[Opening Data shown section]

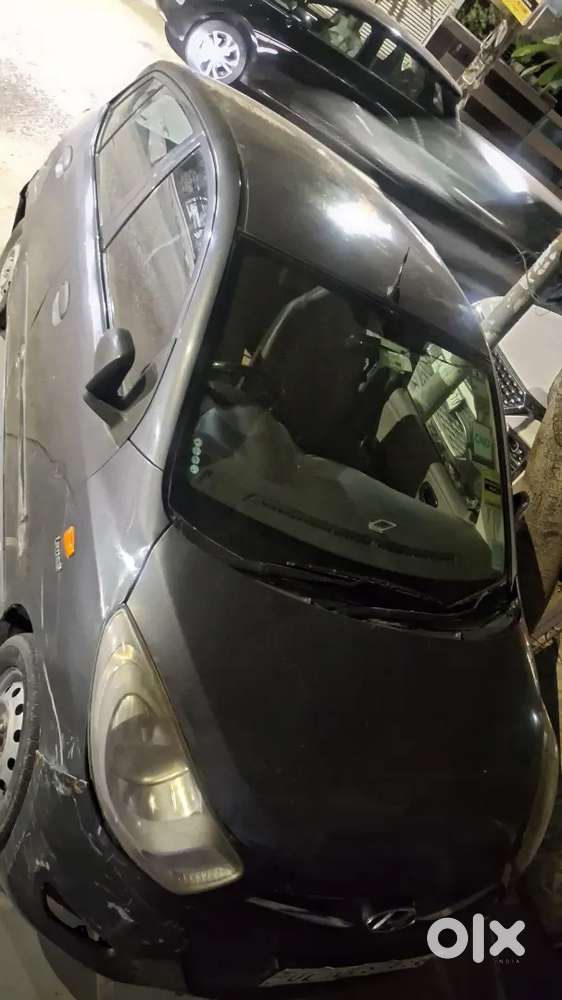 Hyundai i10 2014 Petrol/cng  70000 Km Driven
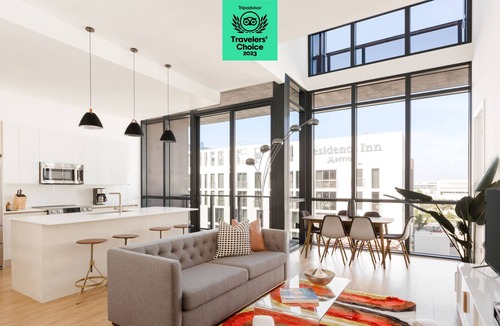 West Avenue Apartment | Sonder 17WEST | Lofted Three-Bedroom Apartment w/ Balcony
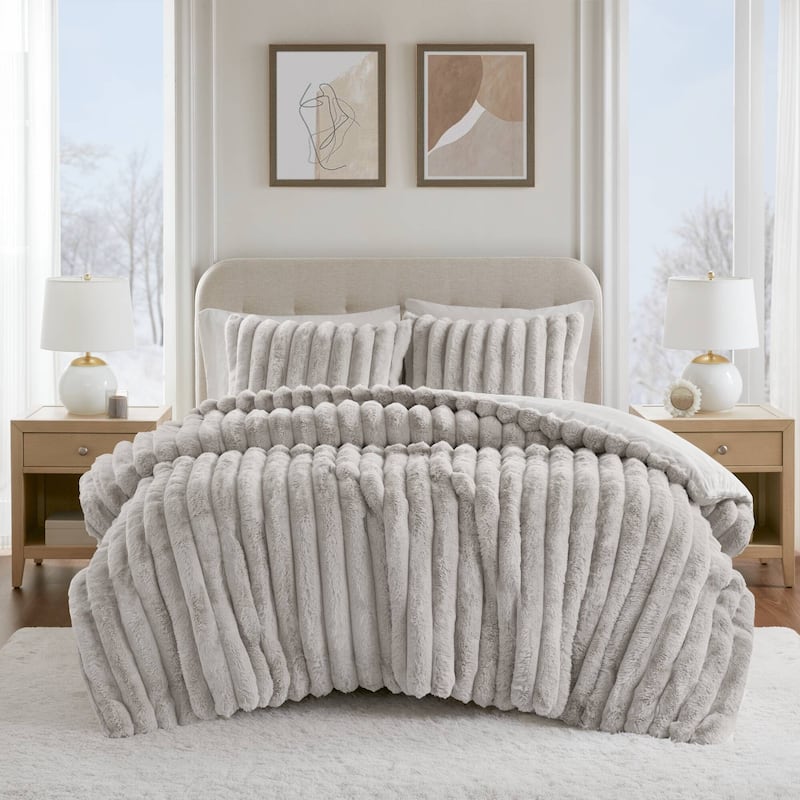 Madison Park Jasmine Ultrasoft Faux Fur Ribbed Comforter Set - Light Gray - Queen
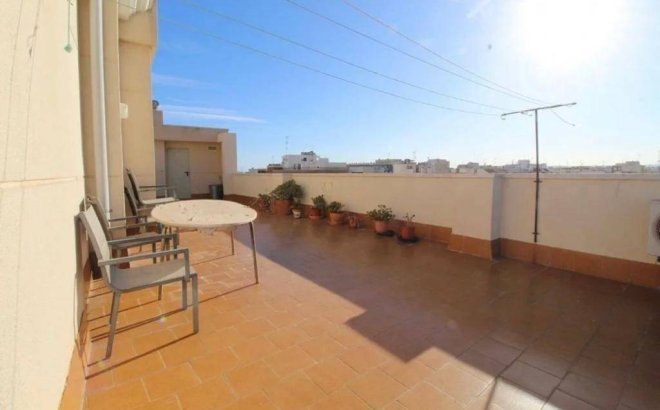 Revente - Appartement -
Torrevieja - Estacion De Autobuses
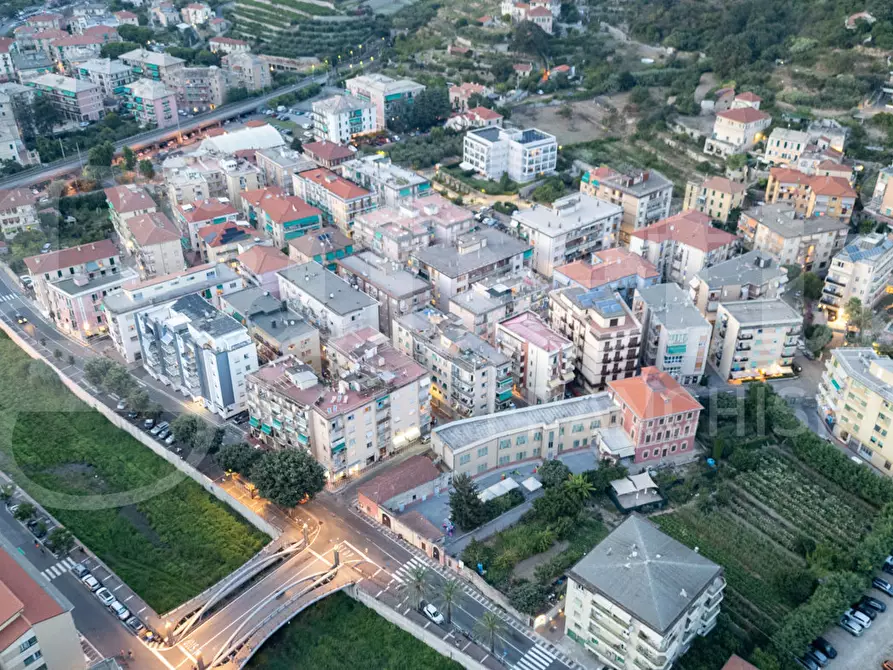 Immagine 22 di Appartamento in vendita  in Via Calvisio a Finale Ligure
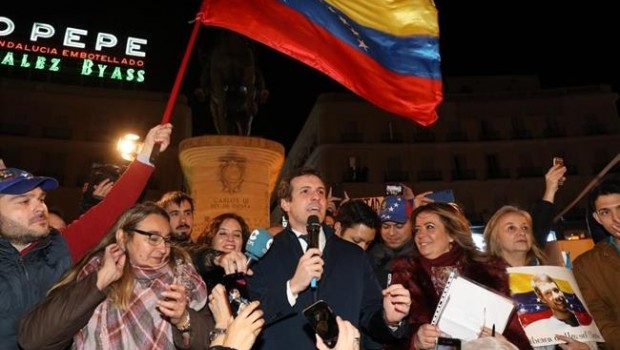 ep pablo casado apoyaguido como presidentevenezuelaun actosol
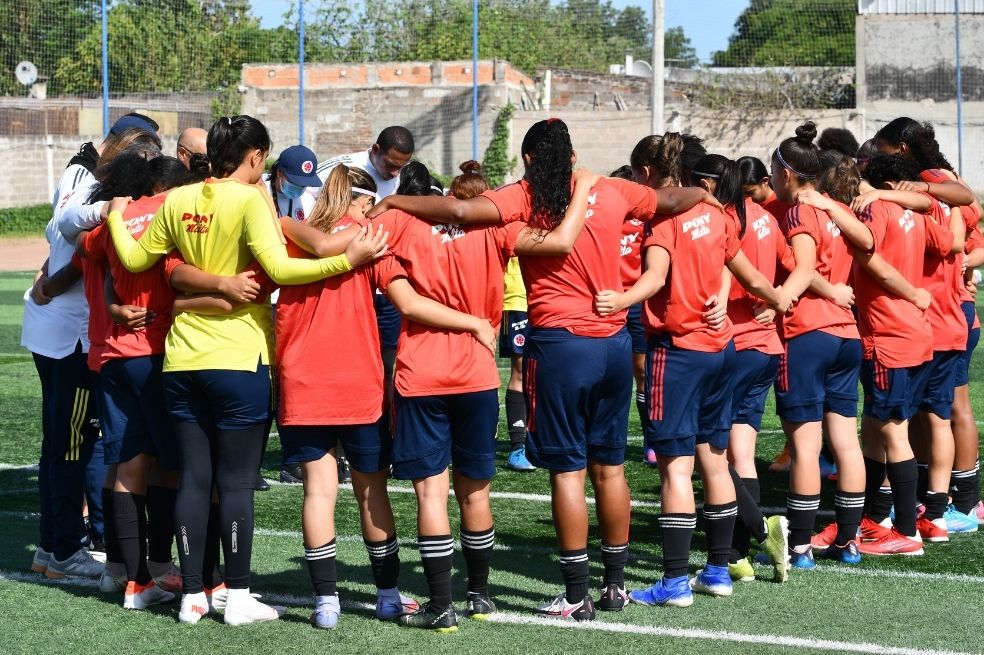 La selección de Colombia femenina sub-17 en medio de los entrenamientos en Uruguay de cara a la fase final del Sudamericano de la categoría.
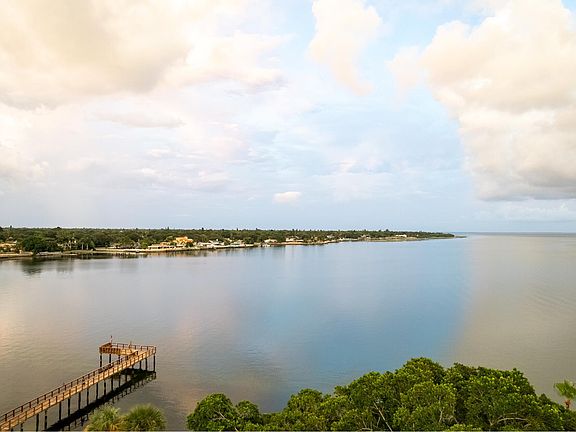 4th image of 7100 Sunshine Skyway Ln S APT 203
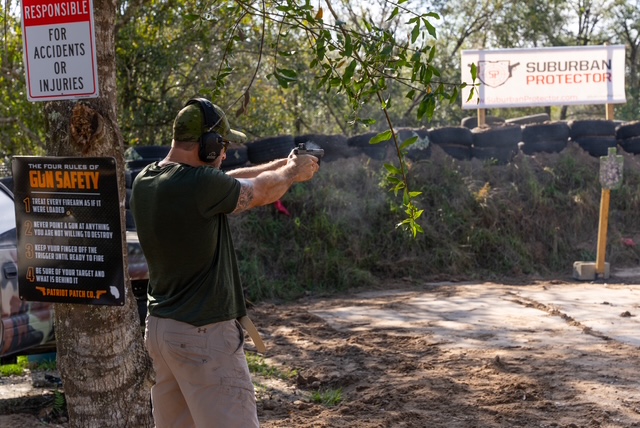 Gun instructor teaching shooting lessons in Royal Palm Beach Florida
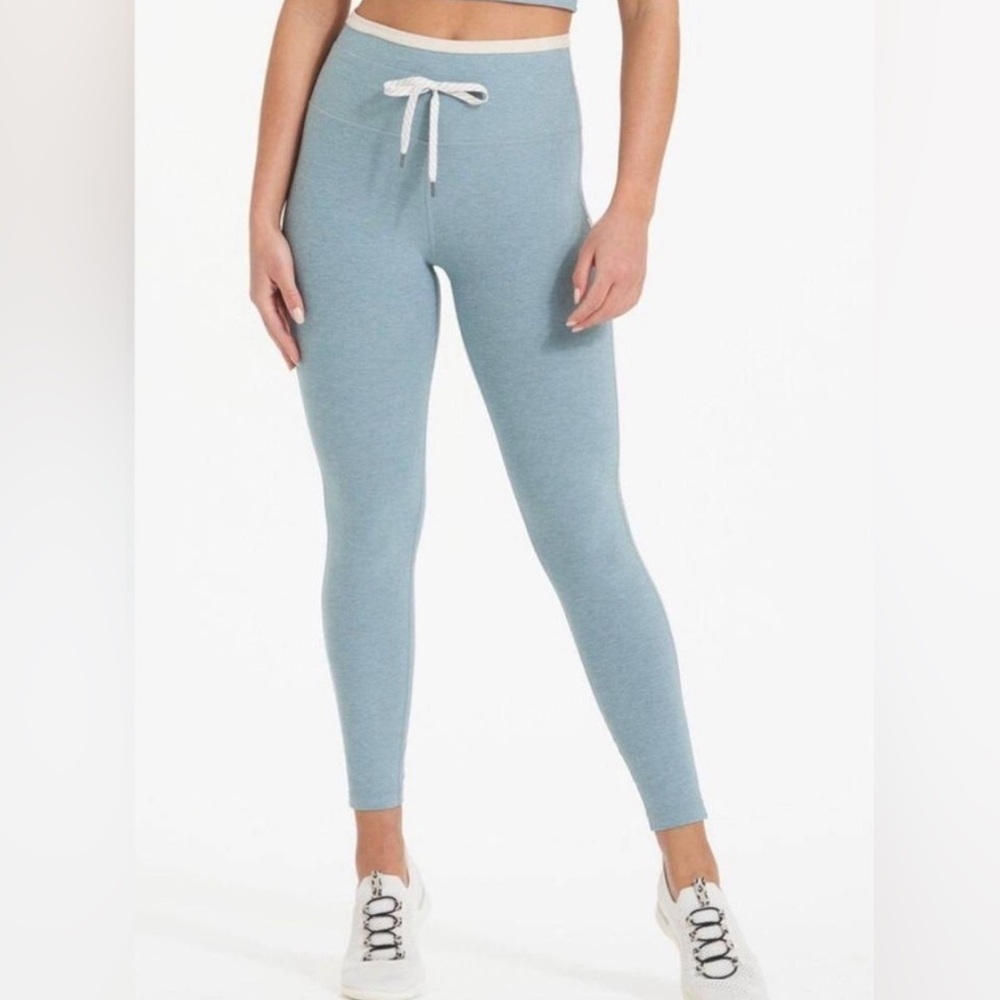 NWT Vuori Vibe Elevation Shade Heather Leggings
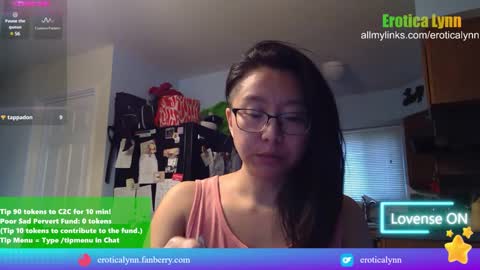 Snapshot of eroticalynn chatting on 03/05/25, 08:00 Lynn online show from 03/05/25, 08:00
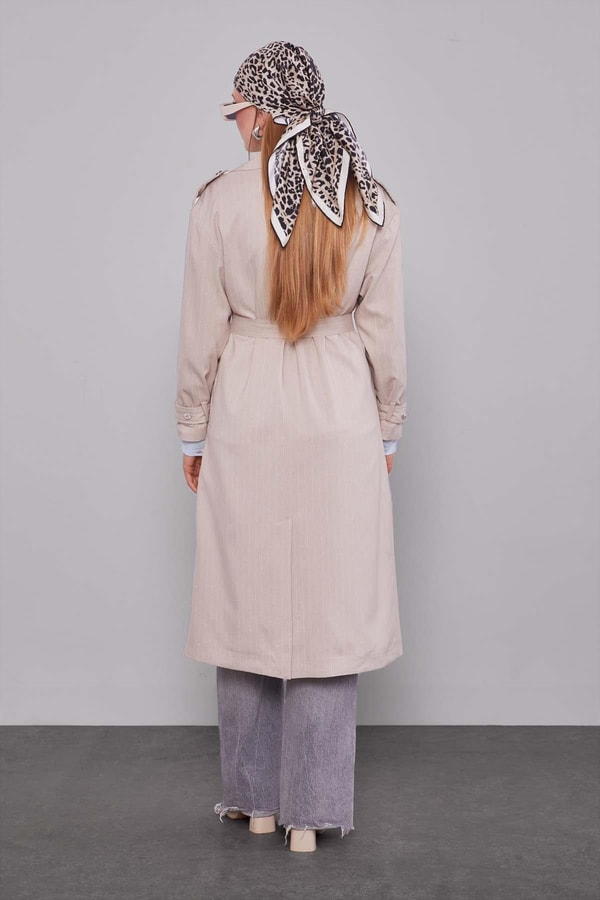 LevidorBej Çizgili Desen Kuşak Kapamalı Trençkot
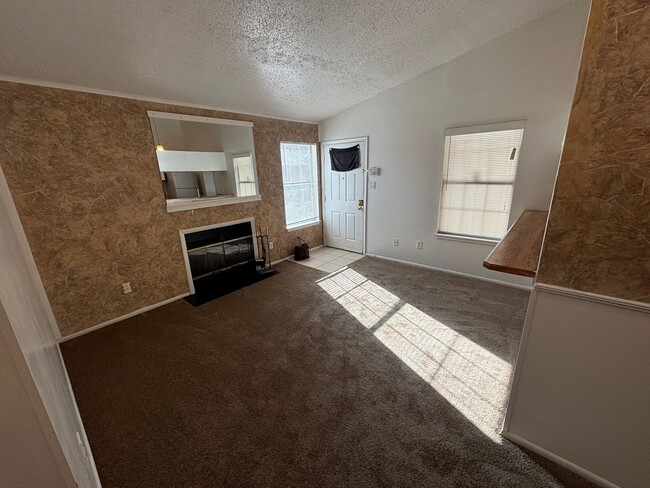 Foto del edificio - 2 Bedroom, 1 Bath in Virginia Beach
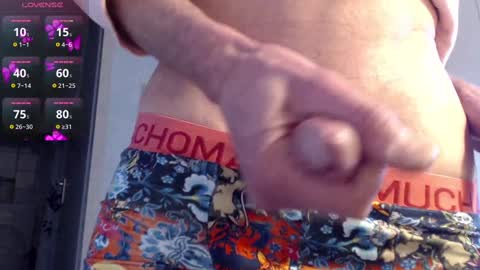 Snapshot of shavingaddict chatting on January 2, 3:19 pm Pioux online show from January 2, 3:19 pm
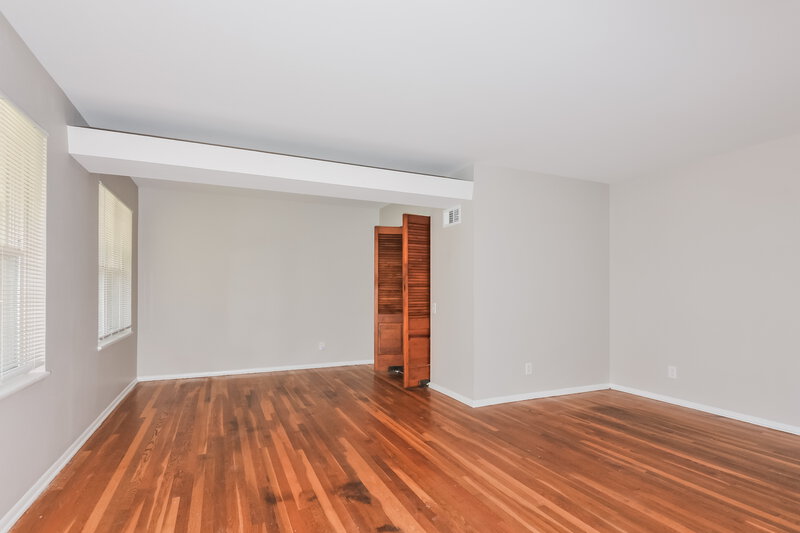 1,385/Mo, 11611 Criterion Ave St. Louis, MO 63138 Living Room View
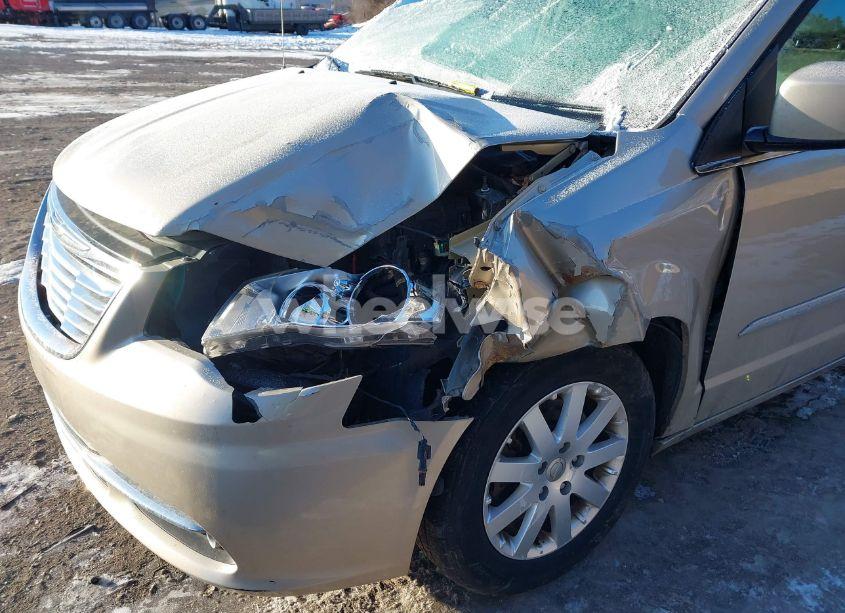 Photo 6 of 2016 Chrysler Town & COUNTRY TOURING (VIN 2C4RC1BG0GR255035)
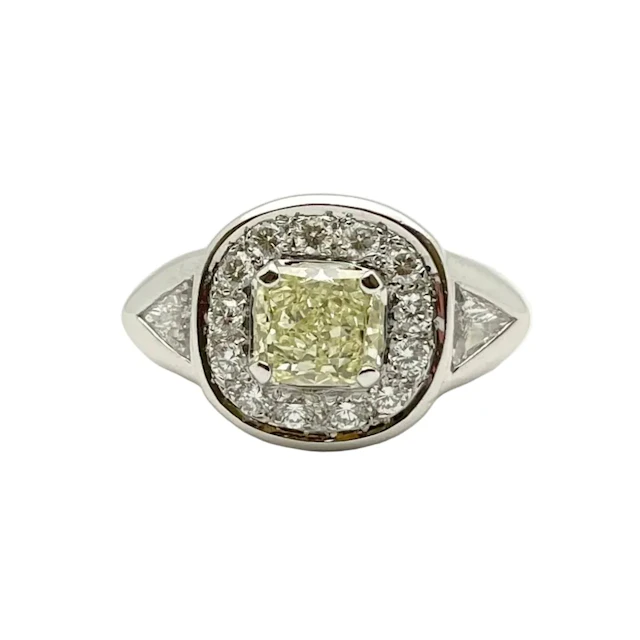 Bague Chevalière en or blanc et diamants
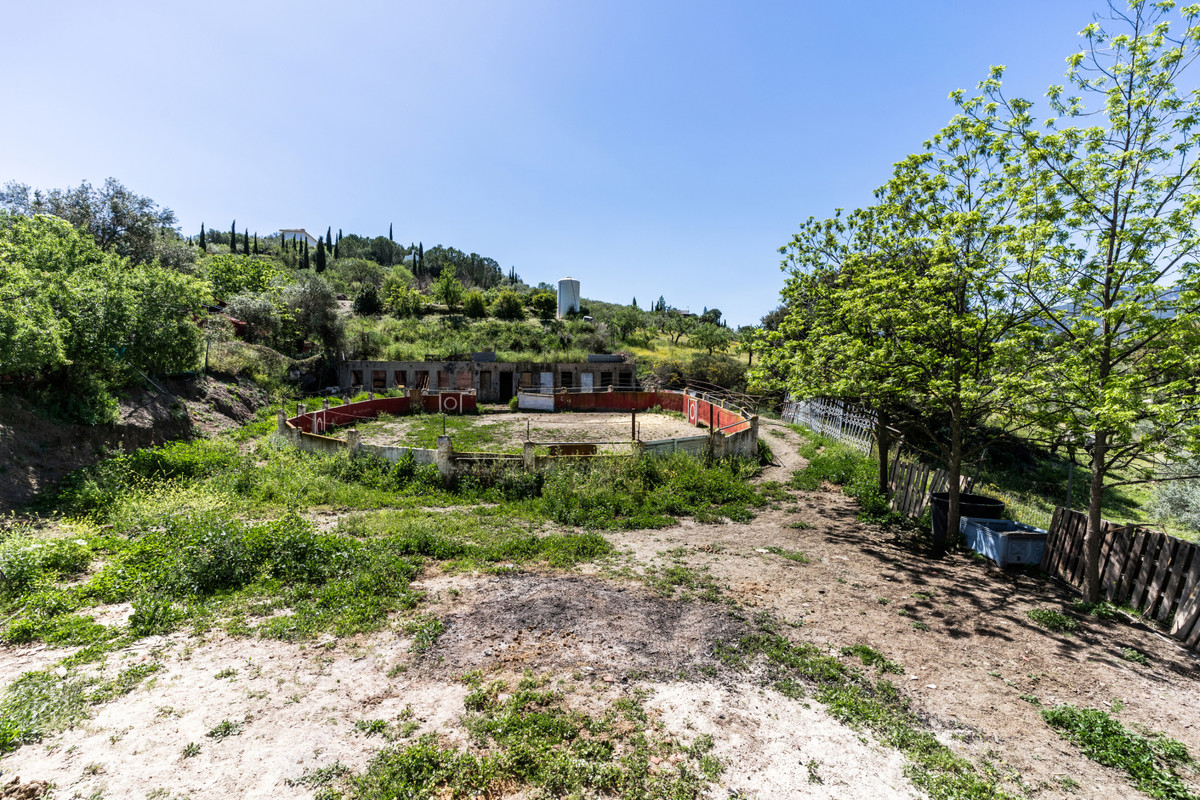 Se vende Finca - Cortijo de 8 dormitorios en Costa Del Sol, Málaga, España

[Closing Data shown section]

§ What you need to do:
Your copy should hold only the lines above from the one containing "ep pablo casado" through the one containing "NWT Vuori Vibe", exactly as written and free of pictures.

§ Result of the task:
 ep pablo casado apoyaguido como presidentevenezuelaun actosol
 La selección de Colombia femenina sub-17 en medio de los entrenamientos en Uruguay de cara a la fase final del Sudamericano de la categoría.
 4th image of 7100 Sunshine Skyway Ln S APT 203
 Gun instructor teaching shooting lessons in Royal Palm Beach Florida
 NWT Vuori Vibe Elevation Shade Heather Leggings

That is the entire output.